Car la lutte contre le
terrorisme, quand terroristes il y a, n’est pas d’abord l’affaire de l’armée
mais celle de la police : ses méthodes les plus efficaces relèvent des techniques
policières
que Fouché et
Roger Wybot ont utilisées : infiltration, retournement, manipulation,
intoxication,
opérations ciblées visant à semer la discorde chez l’ennemi.
Ces méthodes sont énergiques et
moralement pénibles – on ne fait pas de mamours à l’ennemi, on recourt
abondamment au mensonge – mais beaucoup moins meurtrières et surtout plus
discrètes que l’emploi d’armes puissantes qui, conçues simplement pour tuer,
provoquent de ces « pertes collatérales » qui seront pour l’ennemi le meilleur
des recruteurs.
Les militaires israéliens
disent avoir été surpris par l’organisation du Hezbollah, la qualité de ses
retranchements, la puissance de ses armes.
« The
heavy feeling that in the echelons above us there is nothing but
under-preparation, insincerity, lack of foresight and inability to make rational
decisions, leads to the question : Were we called up for nothing ?
», disent les réservistes. De
deux choses l’une : ou bien les services de renseignement israéliens n’ont pas
été écoutés par les chefs de l’armée, ou bien (ce qui serait pire) ils n’avaient pas
infiltré le Hezbollah. Dans les deux cas, bêtise et négligence impardonnables !
* *
Le recours à la force pure,
quand il est stupide, est un indice qu’il faut interpréter. La stratégie la plus
énergique en apparence est en fait mollement et paresseusement suicidaire. Tout s’est passé ici
comme si, « foutu pour foutu », on faisait ce qu’il faut pour provoquer une
catastrophe que l’on sait ou que l’on croit inéluctable.

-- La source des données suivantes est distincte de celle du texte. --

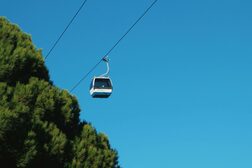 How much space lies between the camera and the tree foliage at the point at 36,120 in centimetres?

Elle semble aujourd’hui en
route. La destruction des infrastructures du Liban est, comme l’assassinat de
l’archiduc François-Ferdinand à Sarajevo le 28 juin 1914, de ces événements qui
déclenchent une avalanche. Les va-t-en-guerre vont finir par allumer la
troisième guerre mondiale, si ce n'est déjà fait.
*
*
Les Français ont cent fois
raison d’exiger, avant d'envoyer de nombreuses troupes au Liban, que l’ONU
explicite leur mission et indique les conditions dans lesquelles l’usage de la
force leur sera autorisé. Croire qu’il puisse suffire de « déployer » des
milliers de soldats pour régler le problème, c’est une erreur de bureaucrate : si on leur interdit
d’utiliser leurs armes, ces soldats ne pourront être que les témoins passifs des
exactions qui se commettront sous leurs yeux, ils ne seront que des otages ou
des victimes. Ceux qui se gaussent de l’attitude réticente de la France
devraient prendre le temps d'y réfléchir.
Que devront faire ces
soldats de leur puissance de feu si le Hezbollah, jouant au chat et à la souris,
recommence à tirer des missiles sur Israël ? Si les Israéliens, comme ils l’ont
déjà annoncé, attaquent de nouveau le Liban ? Qu’il soit difficile et, en fait,
impossible de répondre officiellement à de telles questions, cela témoigne de
l’impasse dans laquelle on se trouve.
La force ne pourrait d’ailleurs
être ici efficace qu’en appoint d’une stratégie qui doit être d’abord non pas
militaire mais policière, diplomatique, et habile en outre à désamorcer les manœuvres
des va-t-en-guerre – dont les plus virulents sont, comme toujours, des gens
qui, comme George W. Bush, Ehoud Olmert et Amir Peretz, n’ont acquis aucune
expérience personnelle dans l’art de la guerre.